=== RECORDED DATA ===
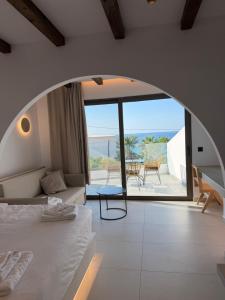 a bedroom with a bed and a view of the ocean at Salt and stone suites in Vrachonisída touArchangélou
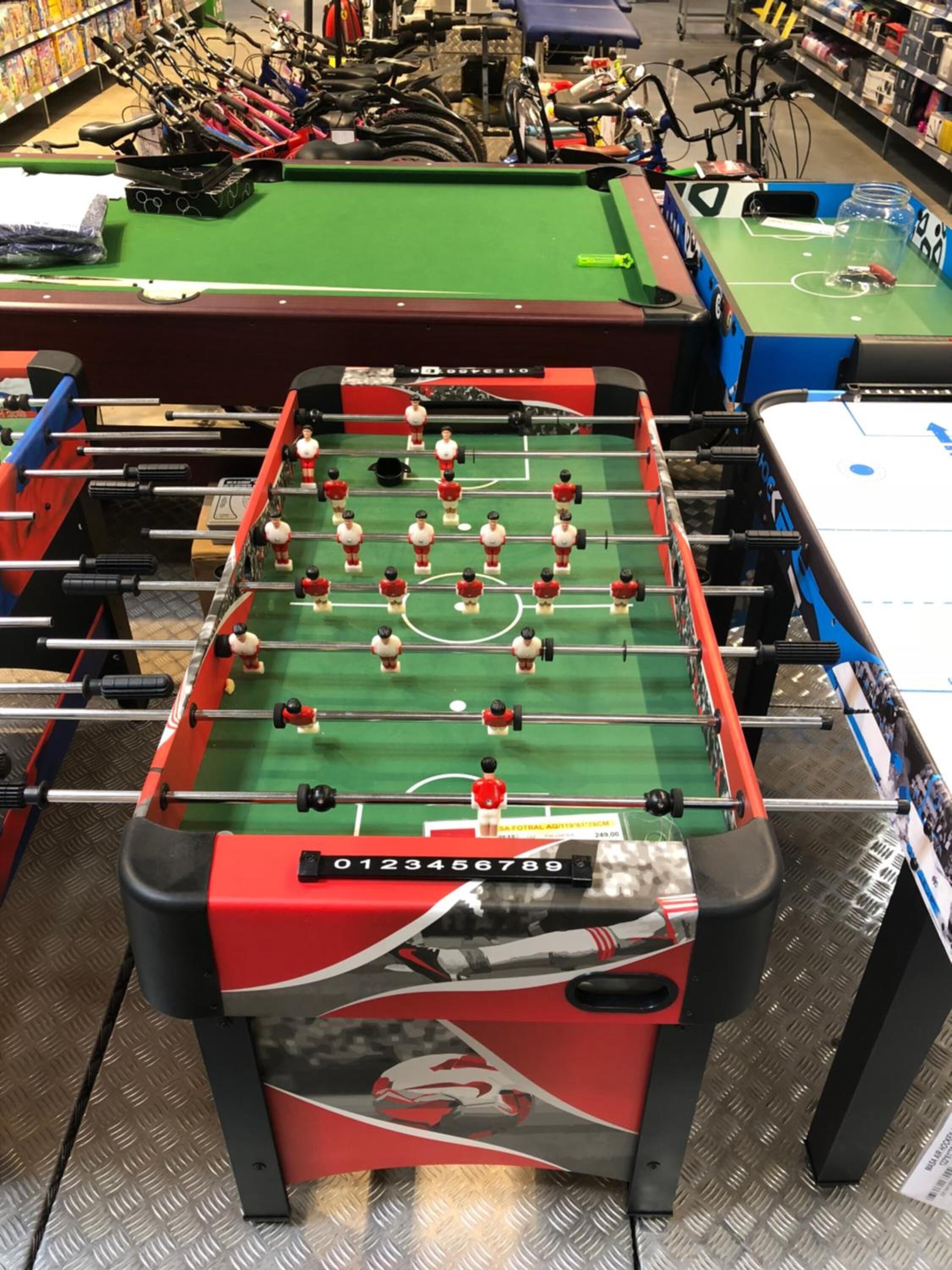 Una mesa de fútbol de mesa en una habitación con bicicletas y otros equipos deportivos al fondo.
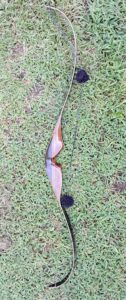 A traditional wooden bow with a string lying on grass.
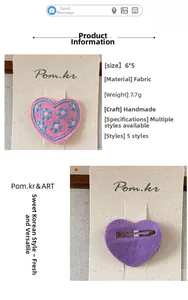Detail view showing handmade 6x5cm embroidered heart fabric clip with sweet floral patterns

=== EXERCISE ===
Print the material precisely as given, dropping any images it holds.

=== ANSWER TO THE EXERCISE ===
 a bedroom with a bed and a view of the ocean at Salt and stone suites in Vrachonisída touArchangélou
 Una mesa de fútbol de mesa en una habitación con bicicletas y otros equipos deportivos al fondo.
 A traditional wooden bow with a string lying on grass.
Detail view showing handmade 6x5cm embroidered heart fabric clip with sweet floral patterns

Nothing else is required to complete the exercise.